Bottom line is that you can’t take anything for granted.
In February we returned from a ski trip and noticed a musty smell and discovered the driver side carpet below my Husky liners, soaked, but did not hear the sloshing sound. In fact it had been since fall that I noticed the sound, so I finally decided to get involved. I started by undoing trim pieces and removed the driver seat, carpet, and black plastic floor piece. I found about a cup of water in the well. I drained and vacuumed the well so as to monitor the leak.
I was not able to see ANY clear source of the water leak so that lead me to believe it might be the A/C drain hose. I confirmed one end was ziptied to the HVAC and the other end of the drain hose was secure in the transmission hump and not leaking when running the A/C for 15 minutes. However in February we at times have very little humidity in the air so the A/C might not have much moisture to drain. Also the amount of water in the well could not explain a A/C drain leak producing that much moisture.
As part of my investigation I built a little wooden floorboard so I could still drive yet monitor the well for water accumulation anytime.
So it seems that items 1 and 2 have been taken off my list.
I then chased down the assumption that it might be from the rear of the Jeep via the lift-gate. When we purchased the Jeep the lift-gate had some alignment problems and I noticed that the left hinge had some rust spots, I assumed it was from the previous owner attempting to fix the alignment issue. That night I took a very bright LED flashlight and searched for signs of water leaks. This works best at night because the LED light seems to highlight subtle water “stains” on the plastic panels as I moved the flashlight around. I started looking on the left side first assuming the rust on the hinge bolts may indicate a water leak on that side, and sure enough found some “stains”. I then made sure that the rubber grommets at the top of the lift-gate were all sealed properly and free of cuts or holes. Although everything looked good I did discover a .75 inch dia hole right behind the rubber strip at the top that diverts water between the body and the lift-gate. I assumed that somehow, either because of an incline or highway speeds water was entering this hole. I went to the dealer and looked at a new JGC to verify that it should be plugged and it was! I ordered a new plug for $4.00. This confirmed item 3, kinda.
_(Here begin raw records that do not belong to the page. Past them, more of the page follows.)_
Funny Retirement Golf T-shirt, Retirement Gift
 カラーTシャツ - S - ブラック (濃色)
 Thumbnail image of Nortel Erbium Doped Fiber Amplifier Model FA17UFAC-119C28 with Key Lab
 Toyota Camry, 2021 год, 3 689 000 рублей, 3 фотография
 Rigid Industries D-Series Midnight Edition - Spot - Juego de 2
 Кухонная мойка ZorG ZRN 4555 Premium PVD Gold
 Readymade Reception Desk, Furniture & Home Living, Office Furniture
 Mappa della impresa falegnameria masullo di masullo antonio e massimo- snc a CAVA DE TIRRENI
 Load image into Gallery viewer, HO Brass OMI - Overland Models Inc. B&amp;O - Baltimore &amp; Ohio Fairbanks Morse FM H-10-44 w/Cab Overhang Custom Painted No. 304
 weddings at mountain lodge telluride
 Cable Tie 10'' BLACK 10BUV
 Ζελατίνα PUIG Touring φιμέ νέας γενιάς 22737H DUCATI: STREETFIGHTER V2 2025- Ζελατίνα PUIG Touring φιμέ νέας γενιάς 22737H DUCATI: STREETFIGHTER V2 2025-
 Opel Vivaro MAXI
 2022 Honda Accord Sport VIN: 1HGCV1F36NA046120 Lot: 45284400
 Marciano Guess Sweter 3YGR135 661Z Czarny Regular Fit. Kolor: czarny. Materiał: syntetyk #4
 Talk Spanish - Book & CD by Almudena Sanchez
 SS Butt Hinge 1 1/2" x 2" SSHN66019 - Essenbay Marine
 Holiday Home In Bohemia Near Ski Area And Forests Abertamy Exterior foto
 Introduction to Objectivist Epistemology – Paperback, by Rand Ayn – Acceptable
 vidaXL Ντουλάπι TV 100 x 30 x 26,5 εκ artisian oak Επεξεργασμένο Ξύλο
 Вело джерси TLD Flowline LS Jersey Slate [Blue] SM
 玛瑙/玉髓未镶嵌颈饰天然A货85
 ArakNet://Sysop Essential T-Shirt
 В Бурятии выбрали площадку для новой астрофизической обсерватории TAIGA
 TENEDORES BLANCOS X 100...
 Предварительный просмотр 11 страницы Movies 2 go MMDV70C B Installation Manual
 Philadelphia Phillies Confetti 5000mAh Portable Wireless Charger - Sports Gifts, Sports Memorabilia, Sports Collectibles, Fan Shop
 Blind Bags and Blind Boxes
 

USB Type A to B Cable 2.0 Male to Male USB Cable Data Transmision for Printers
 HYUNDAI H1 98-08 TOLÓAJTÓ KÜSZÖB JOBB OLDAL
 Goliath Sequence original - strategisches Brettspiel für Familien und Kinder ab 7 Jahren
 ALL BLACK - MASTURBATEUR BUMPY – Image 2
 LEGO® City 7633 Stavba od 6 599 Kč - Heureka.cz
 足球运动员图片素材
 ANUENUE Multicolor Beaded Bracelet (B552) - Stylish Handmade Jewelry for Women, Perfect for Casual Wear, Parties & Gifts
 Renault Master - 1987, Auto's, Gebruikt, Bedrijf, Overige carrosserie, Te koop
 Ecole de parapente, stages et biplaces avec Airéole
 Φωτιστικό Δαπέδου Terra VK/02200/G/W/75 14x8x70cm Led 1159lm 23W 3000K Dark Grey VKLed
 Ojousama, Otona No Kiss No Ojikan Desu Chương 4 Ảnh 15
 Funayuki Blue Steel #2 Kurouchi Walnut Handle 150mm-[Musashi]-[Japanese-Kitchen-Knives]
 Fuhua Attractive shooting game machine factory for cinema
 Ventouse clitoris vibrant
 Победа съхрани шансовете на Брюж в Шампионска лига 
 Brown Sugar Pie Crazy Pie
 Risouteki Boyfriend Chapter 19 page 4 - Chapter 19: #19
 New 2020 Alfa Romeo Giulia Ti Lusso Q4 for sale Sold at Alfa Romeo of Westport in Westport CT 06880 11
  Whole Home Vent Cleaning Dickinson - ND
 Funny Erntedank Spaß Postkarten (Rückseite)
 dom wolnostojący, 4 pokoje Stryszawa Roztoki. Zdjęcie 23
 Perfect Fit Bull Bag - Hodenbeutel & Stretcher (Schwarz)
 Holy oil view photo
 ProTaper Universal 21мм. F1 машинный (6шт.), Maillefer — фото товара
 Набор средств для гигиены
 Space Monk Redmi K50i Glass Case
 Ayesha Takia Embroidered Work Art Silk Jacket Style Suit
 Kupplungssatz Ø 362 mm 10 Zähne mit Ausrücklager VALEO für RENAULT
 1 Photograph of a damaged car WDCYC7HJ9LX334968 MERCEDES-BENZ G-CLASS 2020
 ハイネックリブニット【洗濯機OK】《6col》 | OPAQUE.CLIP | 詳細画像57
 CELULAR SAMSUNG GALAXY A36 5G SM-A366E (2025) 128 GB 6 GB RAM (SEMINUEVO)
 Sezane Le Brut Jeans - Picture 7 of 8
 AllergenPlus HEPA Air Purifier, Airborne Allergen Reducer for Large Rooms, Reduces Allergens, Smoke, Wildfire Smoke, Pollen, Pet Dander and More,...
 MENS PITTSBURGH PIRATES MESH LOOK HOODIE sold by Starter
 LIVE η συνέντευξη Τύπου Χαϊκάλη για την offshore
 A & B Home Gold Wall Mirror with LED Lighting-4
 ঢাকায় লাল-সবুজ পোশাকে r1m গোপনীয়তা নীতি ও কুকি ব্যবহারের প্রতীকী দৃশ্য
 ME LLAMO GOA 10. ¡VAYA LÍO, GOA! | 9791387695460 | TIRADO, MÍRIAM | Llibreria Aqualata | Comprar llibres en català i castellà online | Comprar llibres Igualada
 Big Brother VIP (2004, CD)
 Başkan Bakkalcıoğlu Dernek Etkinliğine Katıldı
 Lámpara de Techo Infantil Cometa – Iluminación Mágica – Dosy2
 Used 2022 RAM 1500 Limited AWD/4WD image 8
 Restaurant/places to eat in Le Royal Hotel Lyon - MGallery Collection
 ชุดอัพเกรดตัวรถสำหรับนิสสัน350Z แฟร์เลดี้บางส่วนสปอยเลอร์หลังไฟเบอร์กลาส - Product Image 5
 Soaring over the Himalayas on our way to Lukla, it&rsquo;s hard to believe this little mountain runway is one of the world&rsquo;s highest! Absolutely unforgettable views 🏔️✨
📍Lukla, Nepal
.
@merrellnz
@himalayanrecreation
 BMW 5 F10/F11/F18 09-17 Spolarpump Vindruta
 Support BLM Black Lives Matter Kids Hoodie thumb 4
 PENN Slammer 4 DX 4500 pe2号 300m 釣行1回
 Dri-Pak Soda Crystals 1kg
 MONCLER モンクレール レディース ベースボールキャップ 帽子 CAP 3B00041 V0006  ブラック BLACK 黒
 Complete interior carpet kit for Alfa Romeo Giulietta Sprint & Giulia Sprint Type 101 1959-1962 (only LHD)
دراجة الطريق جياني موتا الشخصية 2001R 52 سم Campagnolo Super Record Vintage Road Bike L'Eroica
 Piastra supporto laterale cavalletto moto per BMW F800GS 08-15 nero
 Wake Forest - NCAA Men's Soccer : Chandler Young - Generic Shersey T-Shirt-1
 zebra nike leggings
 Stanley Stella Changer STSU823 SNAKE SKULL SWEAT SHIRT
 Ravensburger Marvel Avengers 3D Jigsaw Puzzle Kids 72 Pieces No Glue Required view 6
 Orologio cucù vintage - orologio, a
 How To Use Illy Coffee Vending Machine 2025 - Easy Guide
I also removed all the plastic panels from the lift-gate to see if I could find more evidence of a water leak or damage. The inside of the panels had a dust coating with a few areas indicating some leaking, but not much else.
The problem with this water leak is that for the amount of water I had in the well the hole would have to be a major entry point for water to run down the lift-gate panels, into the cargo area make its way forward and deposit into the well. That’s a long road to travel and I was unable to find any water in the spare tire area, cargo load floor or wet carpets in the passenger floorboards. Granted, the water path may just be a lucky clean shot toward the front via seams and channels in the body frame, but I am struggling with that assumption. Though during this investigation I confirmed my spare tire area was also dry, which at least eliminated any major leak from the rear at this time.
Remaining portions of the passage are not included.